Saturday, October 29, 2011

Funeral Hearse Benefits Haunted House

In 1905, a funeral hearse was built in Vienna, Austria as a carriage for the funeral ceremonies of wealthy and well–respected locals. In 1970, an antiques dealer from the Salt Lake area of Utah brought the hearse to Park City. He displayed it in his antique shop, and then put it aside. It sat neglected in a junkyard for thirty years, until it was discovered by a Park City resident. This was Bill Brown, at the time the president of the Glenwood Cemetery Association, who bought all the parts and started the process of renovating it. After a year and a half, the hearse was as good as new. He began to take part in parades around the country, and enter it in antique competitions. When he moved to Port Townsend last year, Brown brought the Hearse with him.

Like a darker version of the horse-drawn cart from Cinderella, the hearse is black and ornate with black roses carved into its exterior and lanterns. It has glass on three sides, and inside are red velvet curtains surrounding a replica coffin.

“It’s really unique,” Brown said. “I haven’t seen any others like it.”

Earlier this month the carriage was displayed in the parking lot of Safeway, as a fundraiser for the Hauntownsend “Carnival of the Twilight” haunted house, whose proceeds benefit the local Rotary club.

The haunted house, which takes place at the Jefferson County Fairgrounds, is in its last weekend. It is open from 7pm to 10pm. Admission is $11.

Saturday, October 15, 2011

Occupy Wall Street comes to Port Townsend

Occupy Wall Street has come to Port Townsend.

The movement, which officially began September 17 in New York City, has now spread around the world. People in cities from every corner of the world have taken to the streets to demonstrate their anger at their governments and the global financial system.
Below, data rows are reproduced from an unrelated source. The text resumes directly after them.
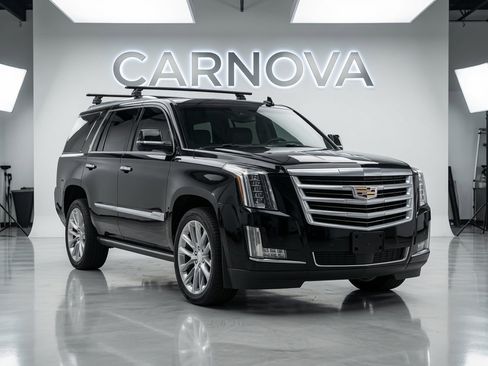Used 2017 Cadillac Escalade Platinum AWD/4WD image 1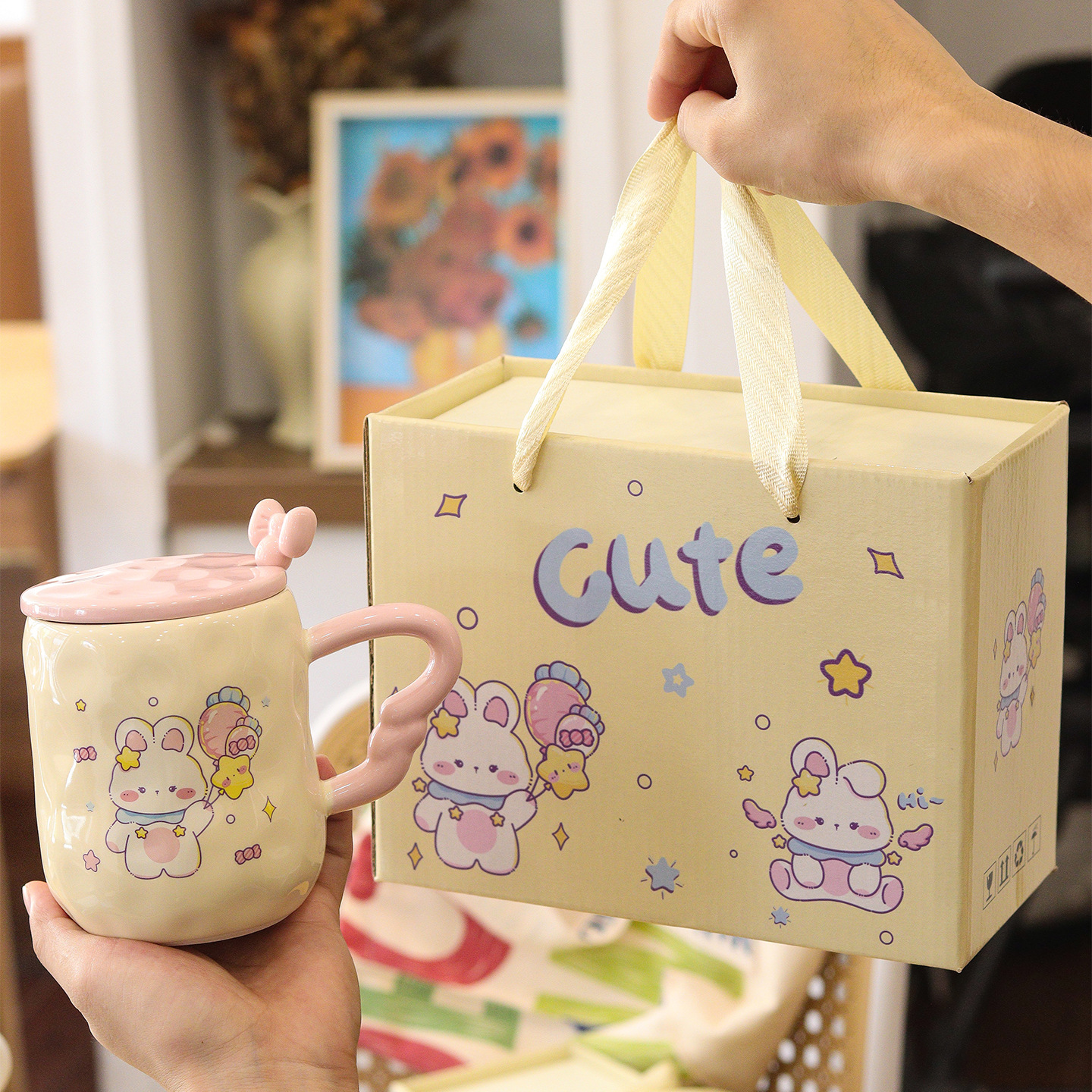 Conjuntos de tazas de cerámica de conejo mágico de alto valor con caja de regalo, tazas de marca con tapa + cucharada de taza de agua, taza de regalo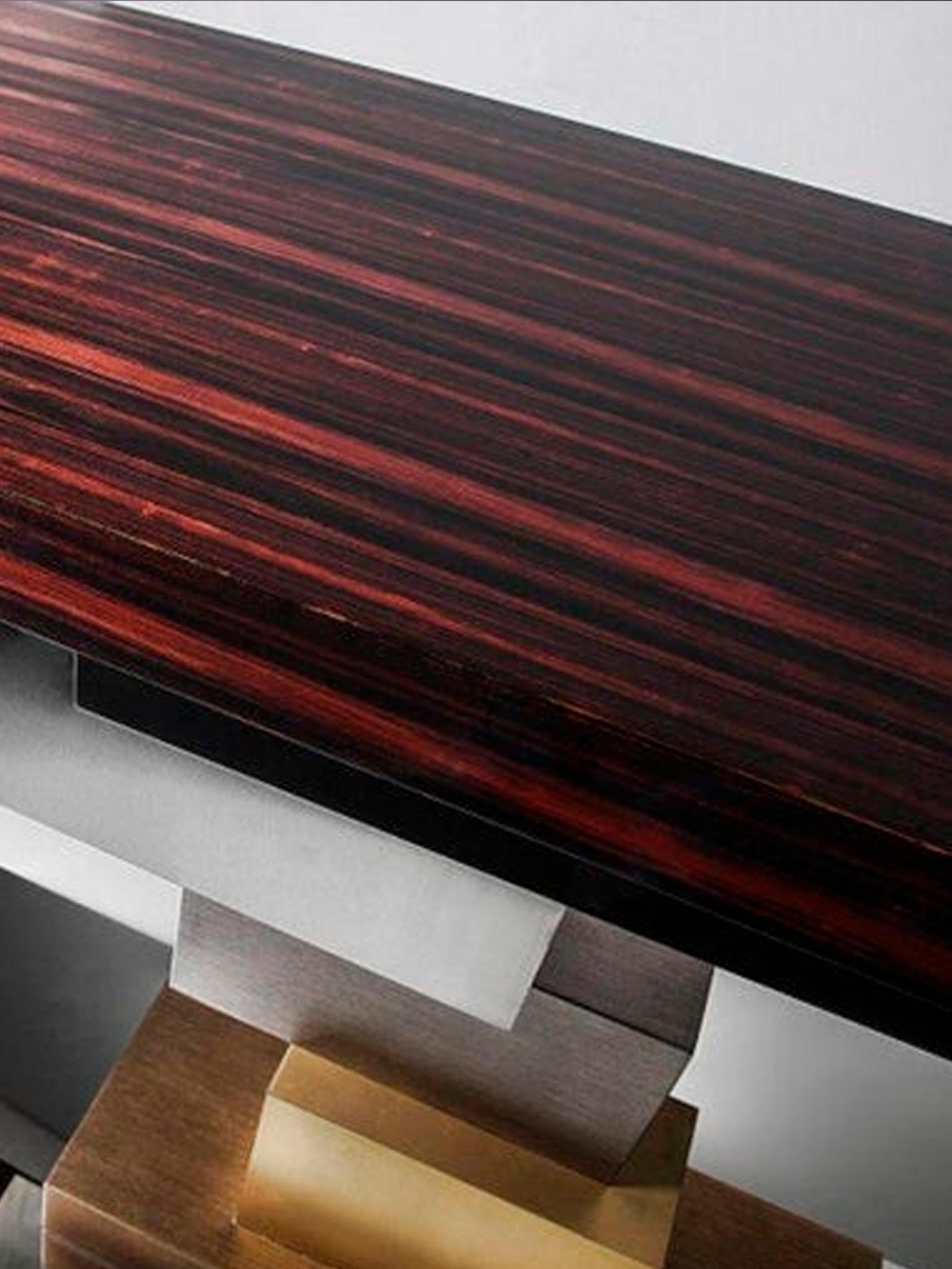 Stratos, consola con tapa de macasar natural, un diseño de Gas Studio Silver en venta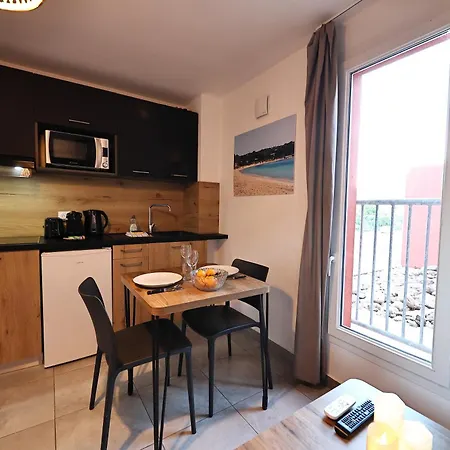 U Bellu - Modernite Et Calme A Deux Pas De La アパート *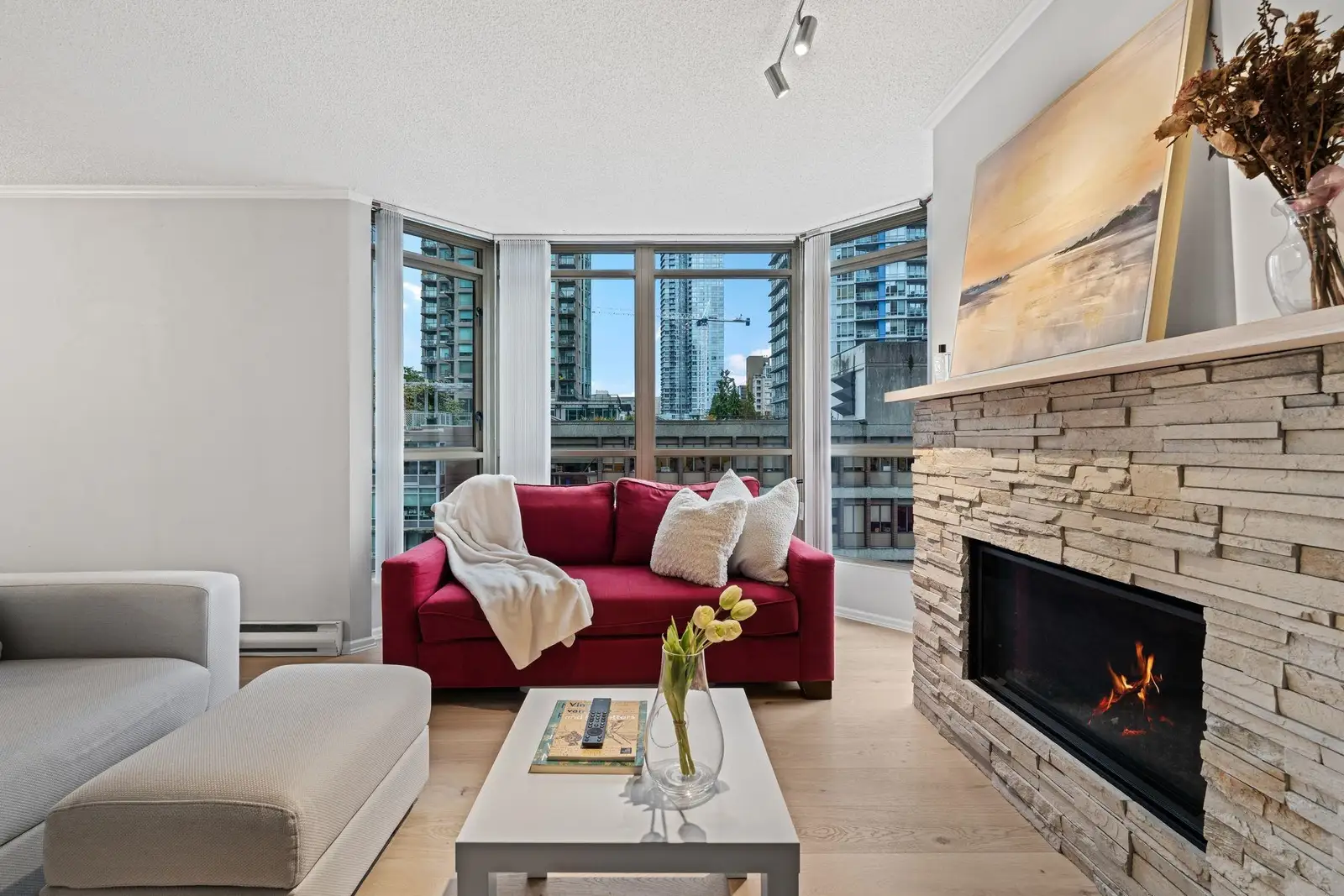 906 867 HAMILTON STREET, Vancouver BC V6B 6B7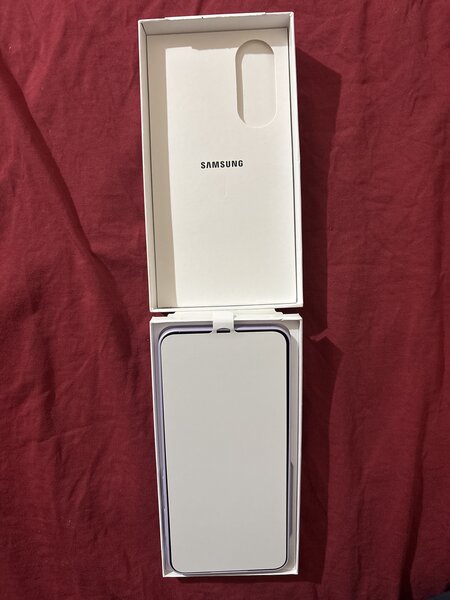 Samsung A37,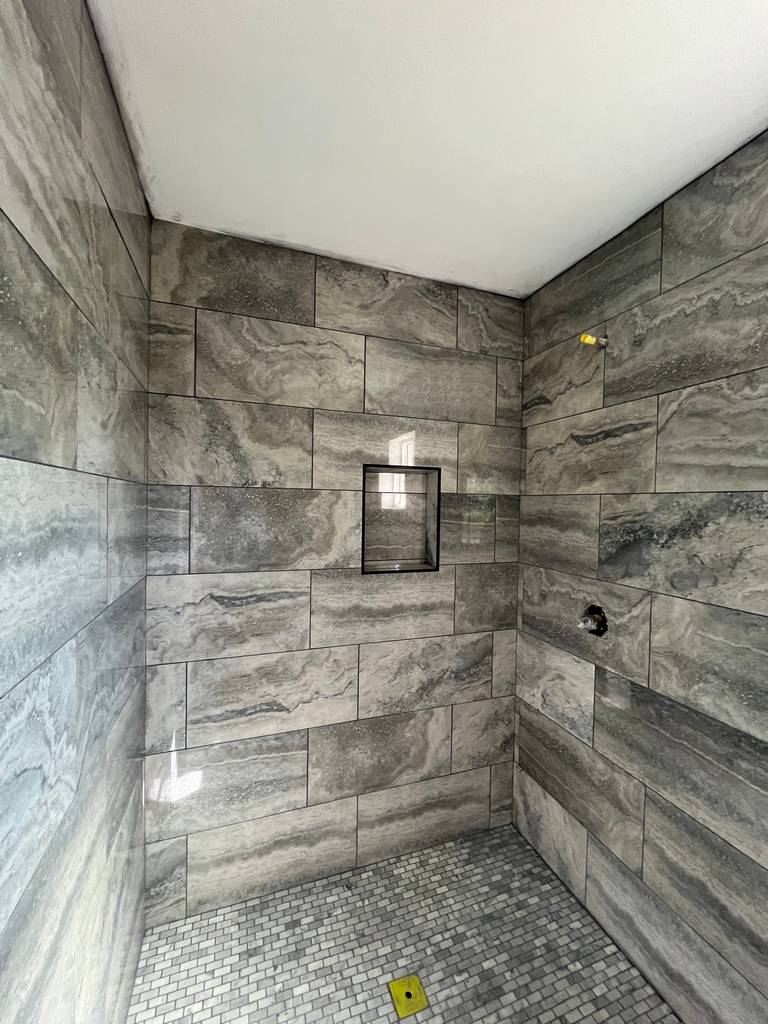 Glass marble-look with custom-designed walk-in shower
This list of cities now includes Port Townsend, as a large group of people gathered at the triangle park in front of the Chase Bank on Friday to wave signs that said things such as Make Jobs, Not War, Keep America’s Jobs in America, and Save the American Dream.

Linda Brewster, a regional organizer for MoveOn and the American Dream movement, who sponsored the event, said that she was delighted with the turnout, which she estimated at around 200 people.

She also added that Port Townsend’s reaction was great as well.

“There’s been a lot of honking and waving from passersby and just a huge amount of enthusiasm here today,” she said.

“This is a great turnout,” said Mark Twain Stevenson, another organizer for MoveOn, “people driving by seem to be pleased. I am very pleased with this turnout.”

Gretchen Brewer, of the PTAirwatchers, took part in the demonstration, and feels that the media plays a part in this movement as well.

“The media in general is playing it a little bit coy, claiming not to understand what the issue is, that (the demonstrators) are scattered and all that. But no, the underlying issue is corporate privilege. It’s about corporate dominance and the diminishing of our individual rights and individual abilities to conduct our lives as we see fit.”

The movement is now at day 29, and shows no sign of dissipating anytime soon. In fact, it's growing stronger as it reflects a worldwide dissatisfaction with the status quo.